▶ The problem
In the listing below, find the line with "340 Dale Street, Unit" and copy every line from there up to and including the line with "Conveniently located 2", exactly and without pictures.

▶ Given information
__________
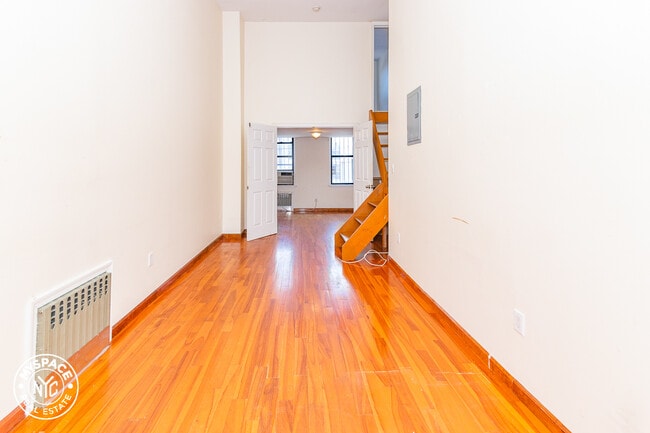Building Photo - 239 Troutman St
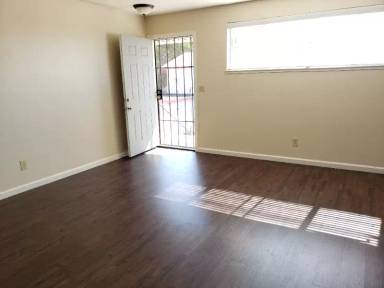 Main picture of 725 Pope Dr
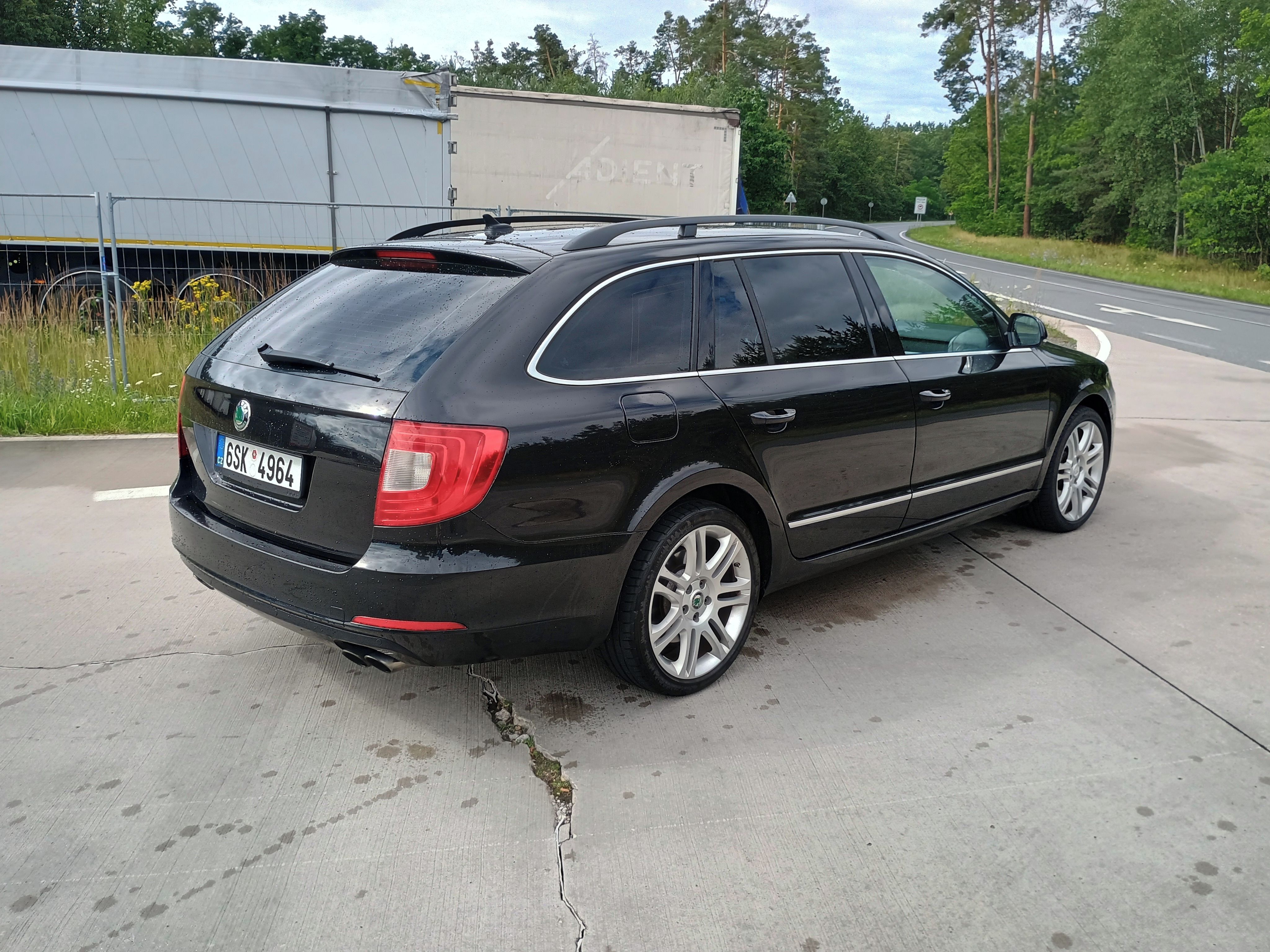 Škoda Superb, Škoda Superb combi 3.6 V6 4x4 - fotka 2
__________
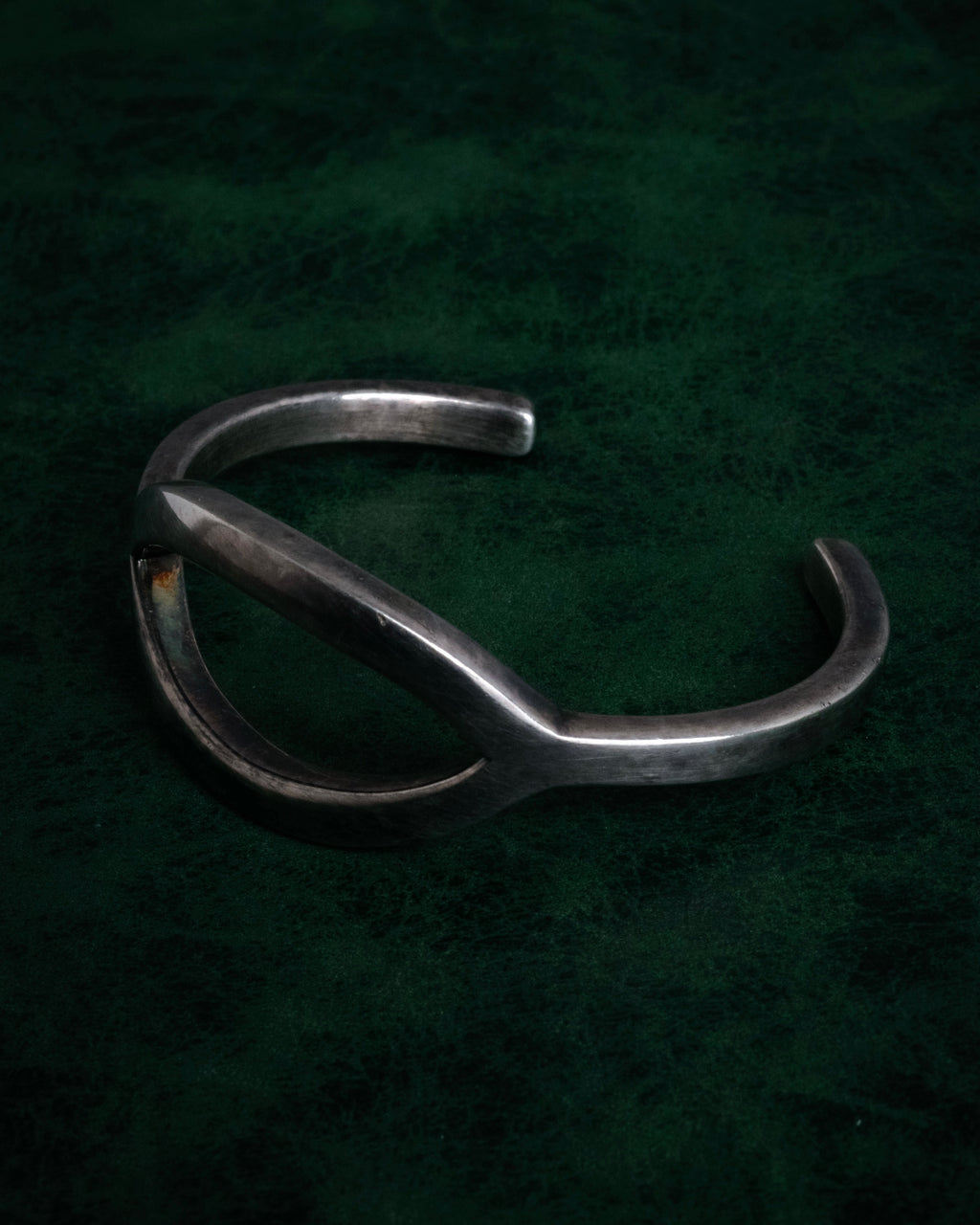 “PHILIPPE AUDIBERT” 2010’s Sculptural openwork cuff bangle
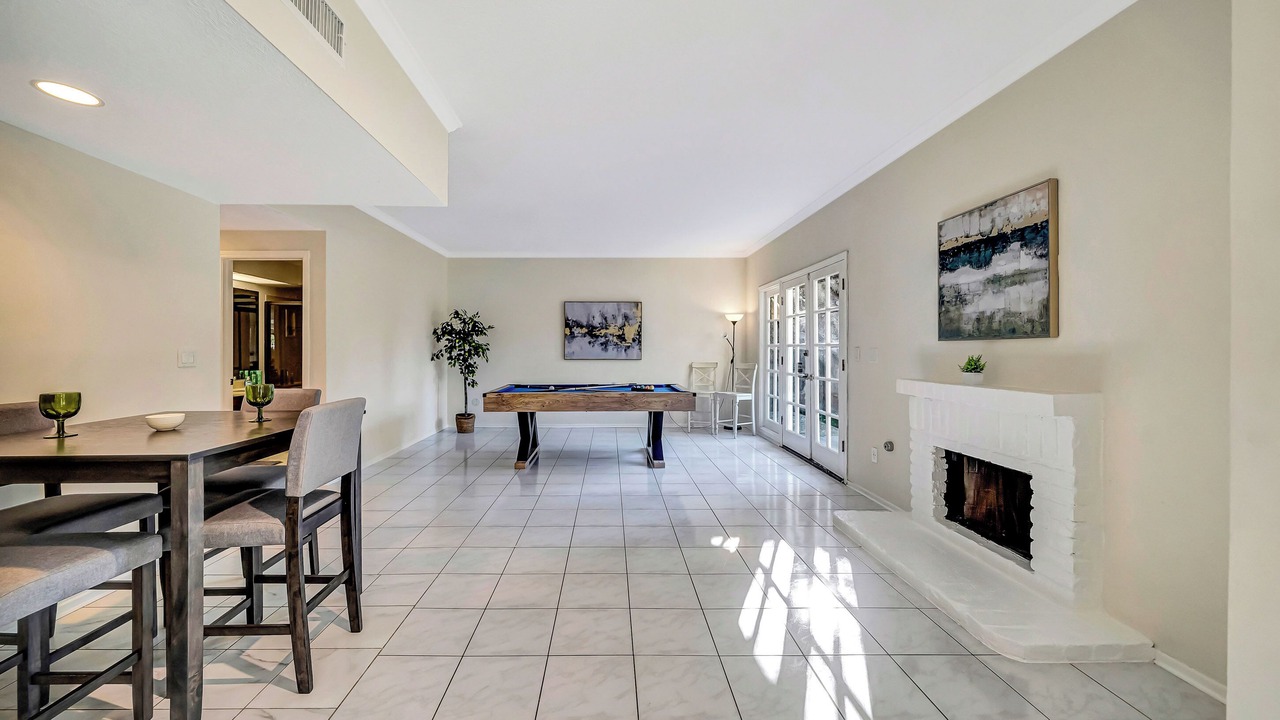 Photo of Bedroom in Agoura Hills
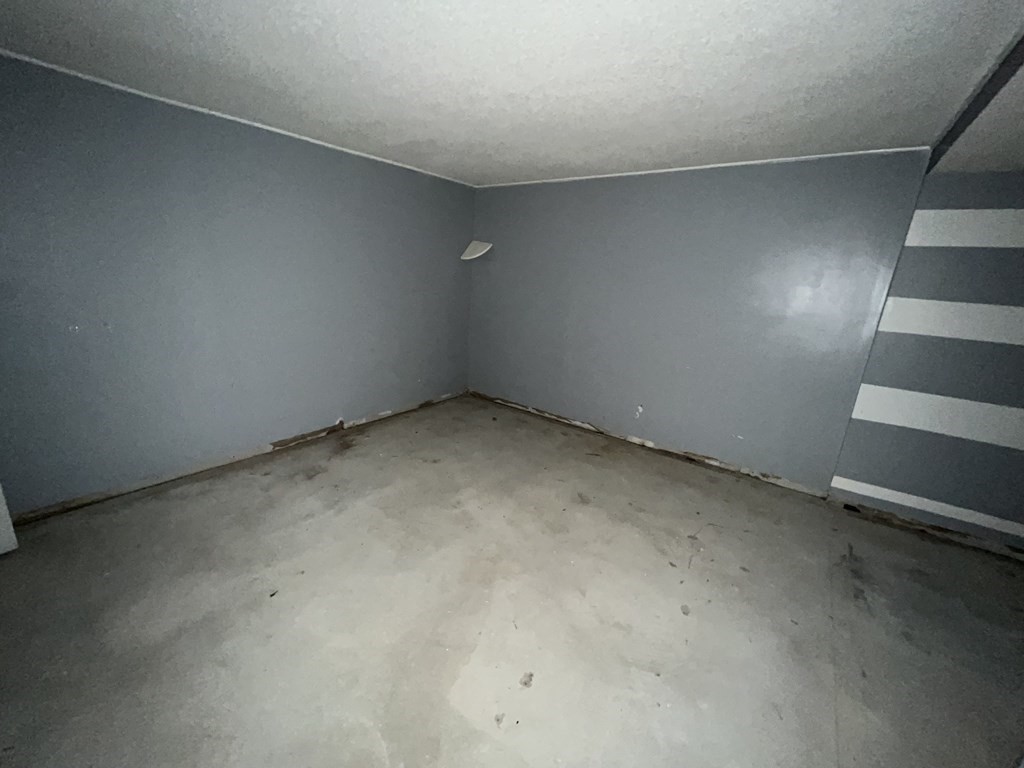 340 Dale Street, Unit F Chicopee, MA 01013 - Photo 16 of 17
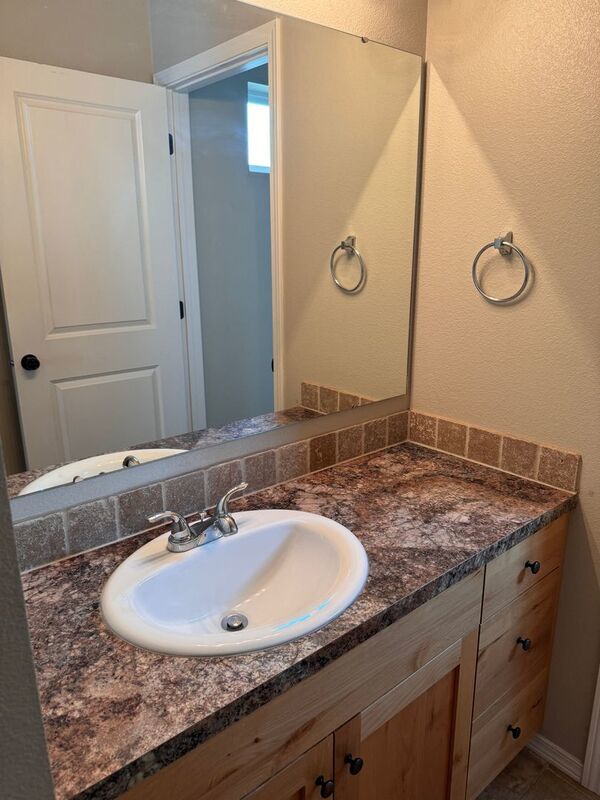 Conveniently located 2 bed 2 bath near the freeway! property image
__________
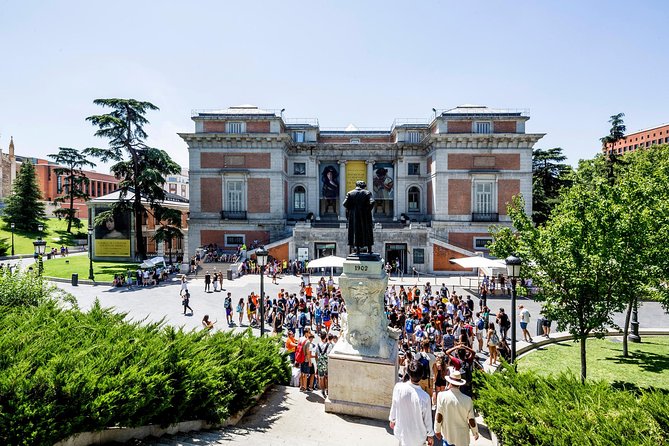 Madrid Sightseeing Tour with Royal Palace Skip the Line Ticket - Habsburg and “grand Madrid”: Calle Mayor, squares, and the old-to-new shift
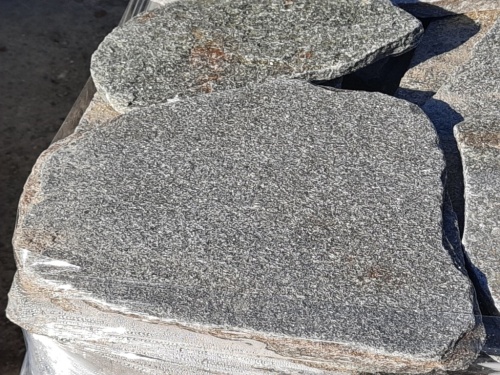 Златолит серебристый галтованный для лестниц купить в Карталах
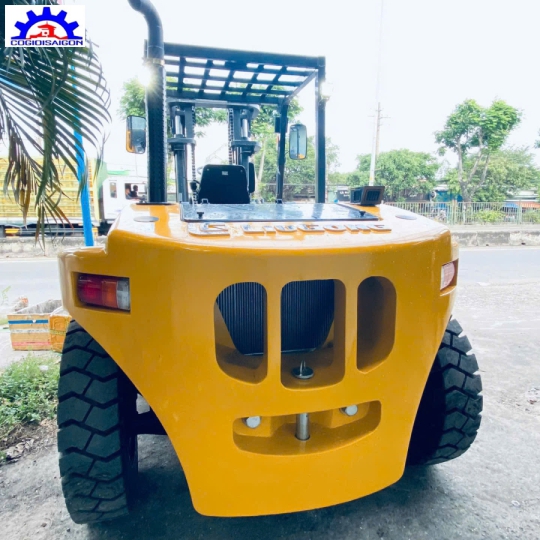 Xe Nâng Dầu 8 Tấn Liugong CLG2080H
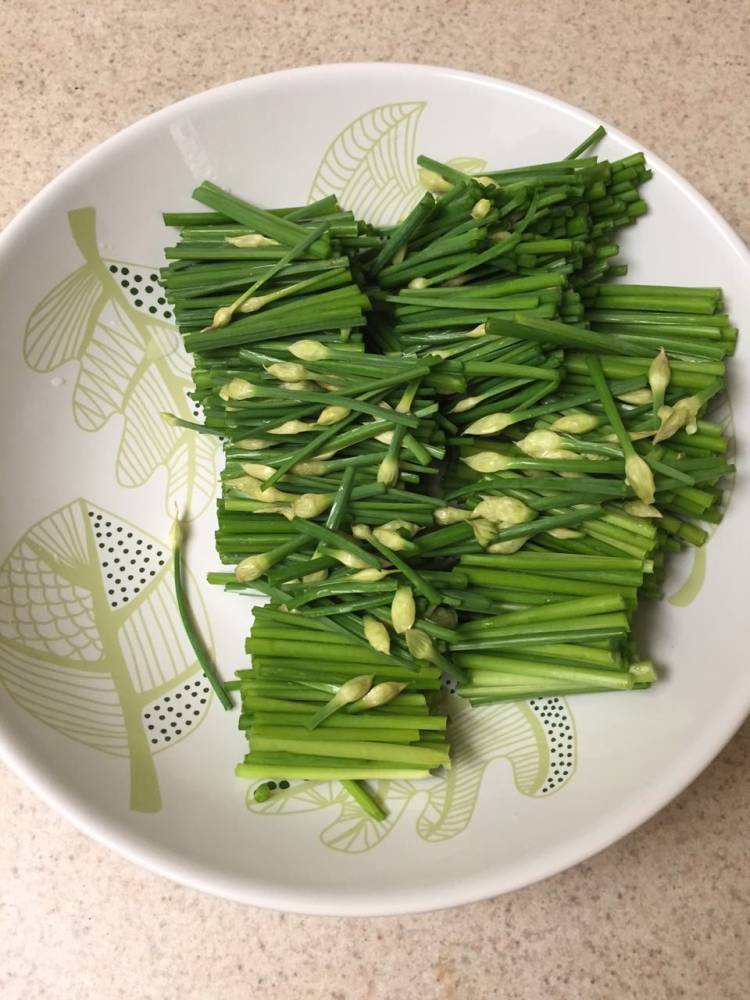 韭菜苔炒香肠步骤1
__________
▶ Exercise output
 340 Dale Street, Unit F Chicopee, MA 01013 - Photo 16 of 17
 Conveniently located 2 bed 2 bath near the freeway! property image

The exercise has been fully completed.